Just a quick thought: I tend to prioritise large states for level 3 COTs to benefit more from the statewide additional building slot. I'm not sure how that balances out against terrain and such, but then again, so far I haven't paid much attention to that in the first place :p

Large states for Level 3 COTs is certainly a good idea for the building slots, but also for the development cost reduction, which applies to all provinces in the state. Keep in mind, you can only have as many lvl 3 COTs as you have merchants, so you want to choose which ones to expand carefully. In addition to the number of provinces in the state, you should also consider the terrain of those states and their resources. Prioritize states with lots of cloth, farmland and grassland provinces. It's also worth considering the COT province itself, its potential tax, production, manpower and sailors in the long term. Coastal COTs are probably more worthwhile than landlocked ones in most cases.
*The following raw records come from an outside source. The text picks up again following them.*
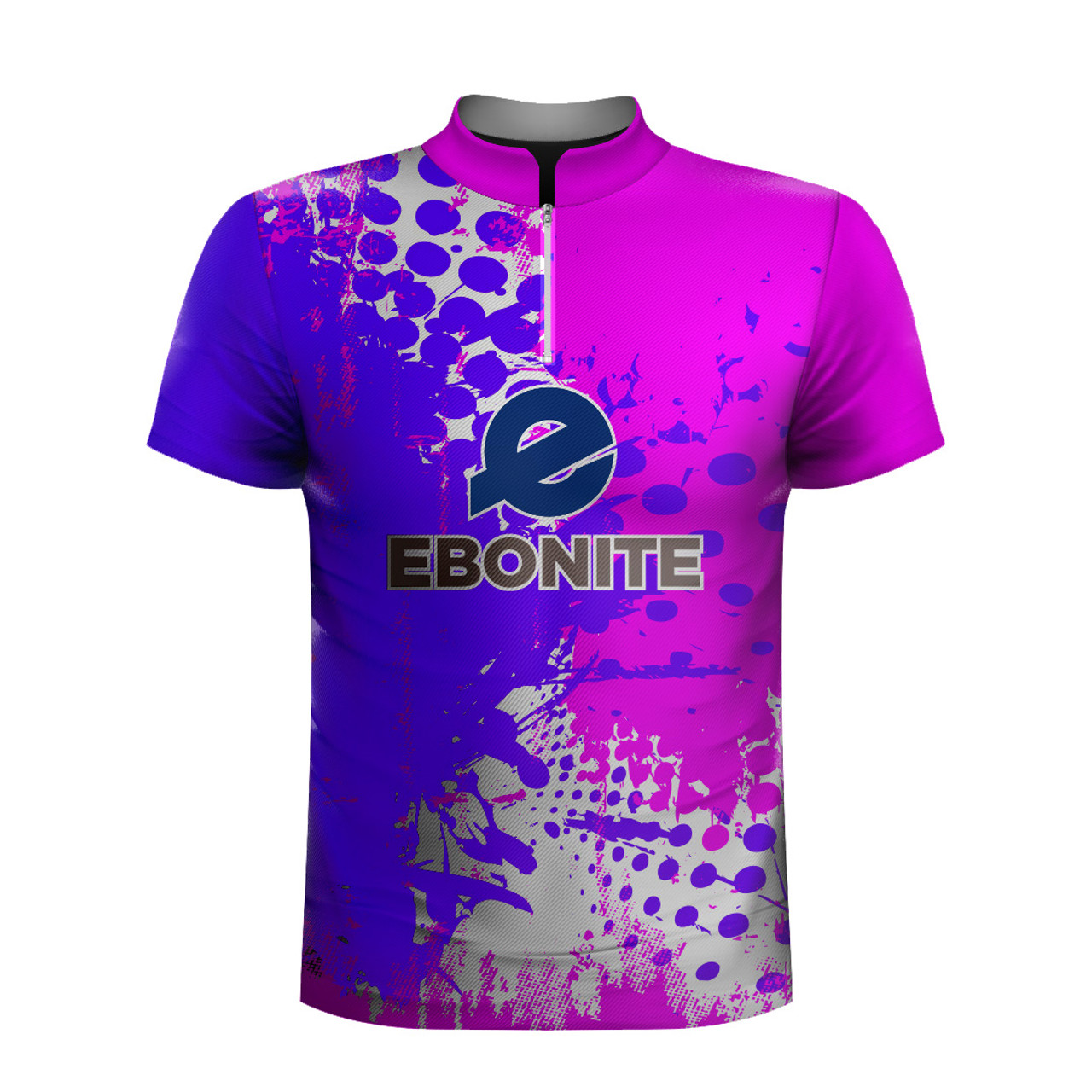 purple pink jersey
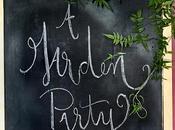 Inspira Garden Party.Decoracion floral para asombrar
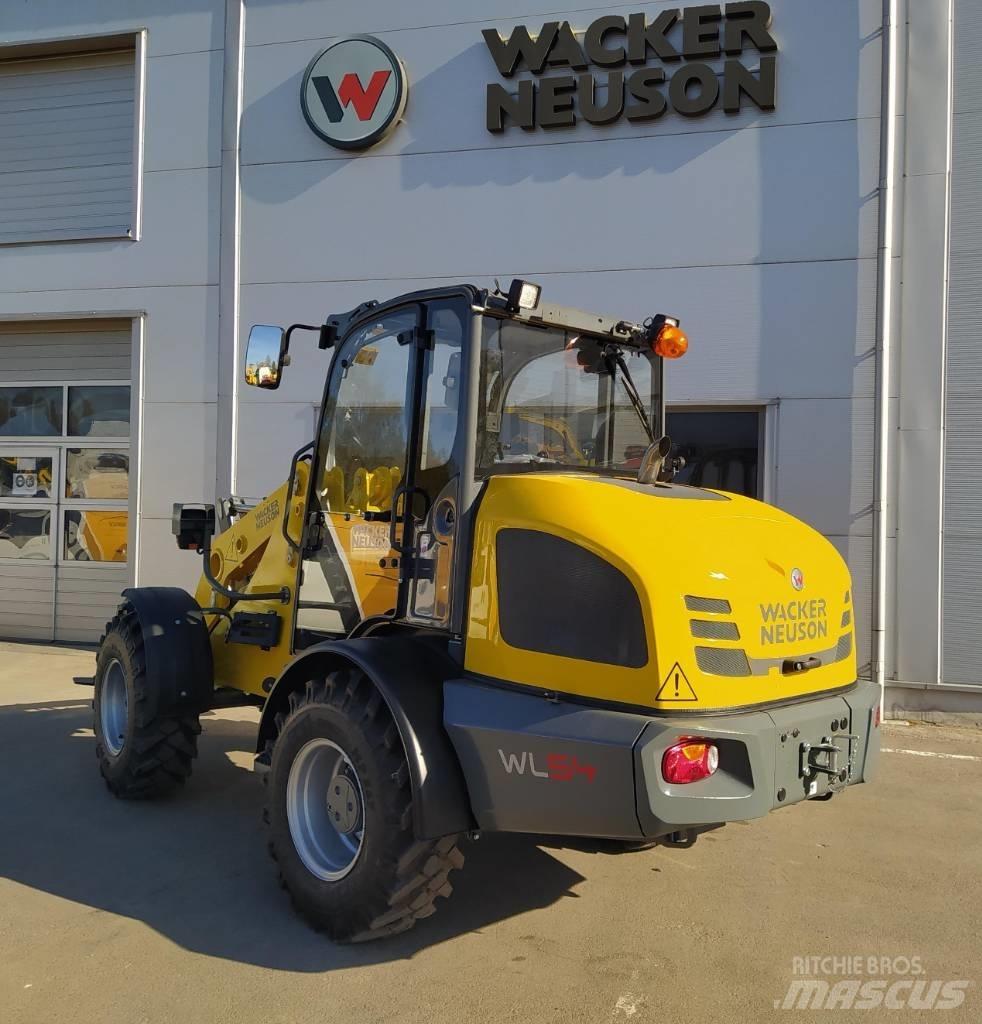 Wacker Neuson WL54 Radlader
One thing I didn't mention, specifically for England, is that seats of parliament should be given out to provinces with the most development potential, rather than the provinces with the highest starting development.
 
Important note: Devving provinces gives crown land. There is huge synergy between driving your dev cost down to 4 mana apiece, selling 10% crownland, deving 100 times to get the crownland back immediately and then building a ton of buildings with the several thousand ducats that just poofed into your treasury from nowhere. It's totally fine to keep crownland around the 20s/30s even if you want absolutism because you can get to max crownland very easily through one or two rounds of devving without selling crown land beforehand. Getting crown land through devving rather than seizing also ensures your estates are always very happy with you and powerful, giving their maximum bonuses (including -10% dev cost) and leaving you able to easily revoke privileges if/when needed.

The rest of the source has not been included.